While a major outflow has yet to take place, signs of pressure on the dollar can be seen in the fact that it has lost 16 percent of its value, on a trade-weighted basis, since hitting its peak in February 2002.

Despite the rapid growth in the balance of payments deficit in the latter half of the 1990s, the value of the US dollar was boosted by the inflow of capital from the rest of the world seeking higher profits in the US economy. But those days have gone and there are clear signs that the US has entered a period of stagnation if not a downturn.

Figures from the Federal Reserve Board show that production in factories, mines and utilities fell 0.2 percent last month, with automobile and parts production dropping by 4.7 percent. Industrial production has fallen by 0.6 percent for 2002, after a 3.5 percent decline in 2001. This is the first time since the major recession of 1974-75 that industrial production has fallen in back-to-back years. Over the last three years production has increased by less than 1 percent, the worst result for a comparable period since 1983, when the US was in the midst of its worst recession since the Depression.

The Fed’s Beige Book survey reported “subdued growth in economic activity from mid-November through early January, with little change in overall conditions.” Some of the 12 regional banks, whose reports comprise the survey, used words such as “sluggish”, “soft”, “subdued” and even “anaemic” to describe economic conditions in their area.

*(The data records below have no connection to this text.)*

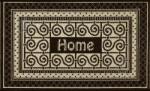 Natura Covoras Intrare Natura Home 996-91, Tip Iuta, Marime 40 x 60 cm, Maro, Antialergic, Polipropilena Covor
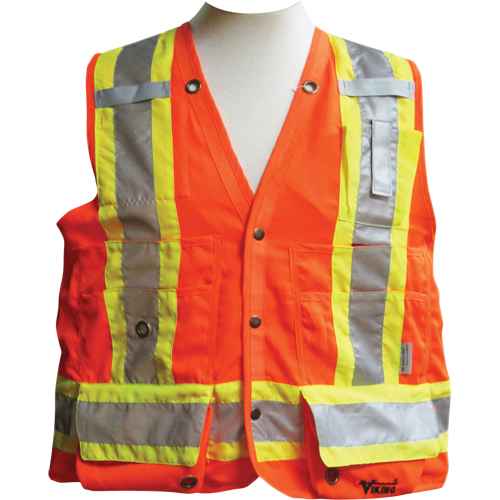 [SDL087] Surveyor Safety Vest (SDL087)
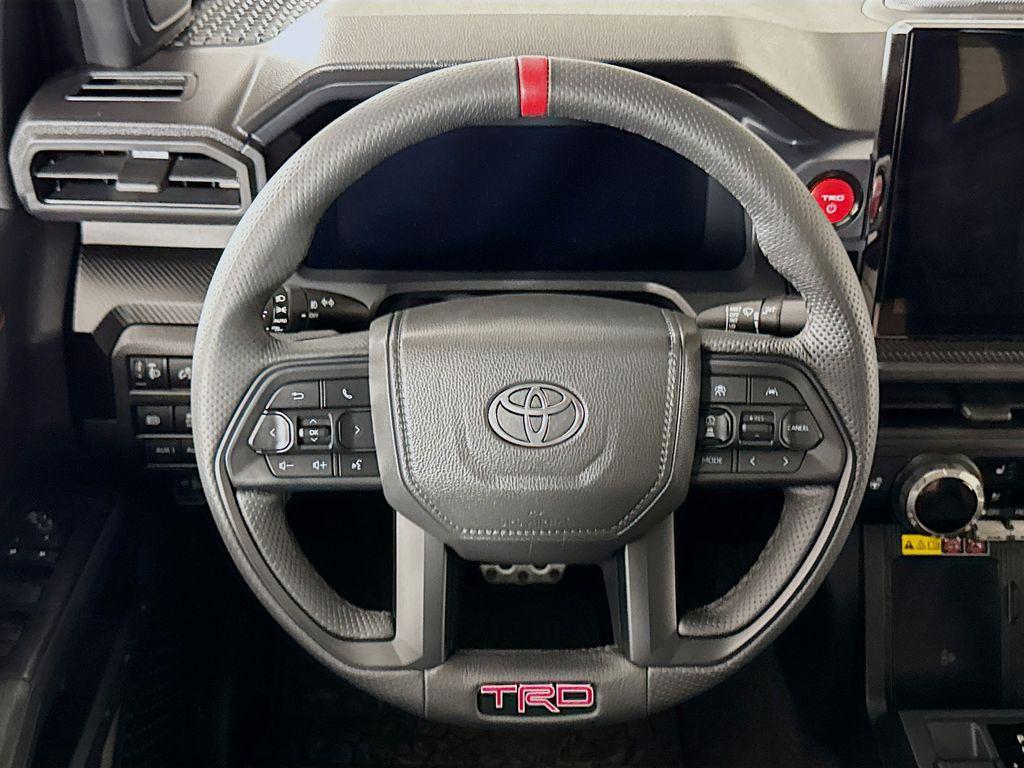 used 2025 Toyota Tacoma car, priced at $59,999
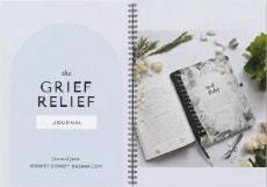 Grief Relief Journal and Reframing Lonliness workbook-printable/ digital downlo - £14.86 GBP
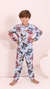 PIJAMA MASC STITCH 02 AO 10 - Samanta Kids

There is considerable confusion over how the US economy should be characterised. Economic growth rates remain positive but there has been a two-year fall in industrial output as well as a sharp increase in job losses over the past two months. Employment fell by 101,000 in December and 88,000 in November.

The National Bureau of Economic Research (NBER), which determines the duration of business cycles, has refused to declare the recession, which it says began nearly two years ago, has finished. In its monthly economic statement released last week the NBER said it would “determine the date of a trough in activity when it concludes that a hypothetical subsequent downturn would be a separate recession, not a continuation.”

In other words, the NBER, which places considerable emphasis on employment numbers in determining the turning points in the business cycle, is not sure whether the US economy is still in the recession that began in March 2001, or whether it has recovered from that recession only to enter a “double dip”.

Whatever the official terminology, there is no mistaking the direction in which the US economy is heading. Over the past two years, consumer spending, fuelled by low interest rates and increases in personal debt, has been the main factor in sustaining economic growth. But there are signs this process is coming to an end.

The widely followed University of Michigan index on consumer sentiment fell to 83.7 in January from 86.7 in December, instead of rising to 87 as forecast. The fall in the index, which was bigger than the most pessimistic prediction of any economist, has been attributed to fears over the direction of the economy, the impact of a war against Iraq and concerns over rising unemployment.

Those concerns are certain to increase in the coming weeks. A survey published last week by the National Association for Business Economics reported that US firms were reluctant to increase hiring and capital spending in the face of uncertainties over a war against Iraq and weak corporate profits. Responding to the survey, economists predicted that the US economy would grow at an annual rate of between 2 and 3 percent in the first six months of the year—below the level of around 4 percent considered necessary to prevent the jobless level rising.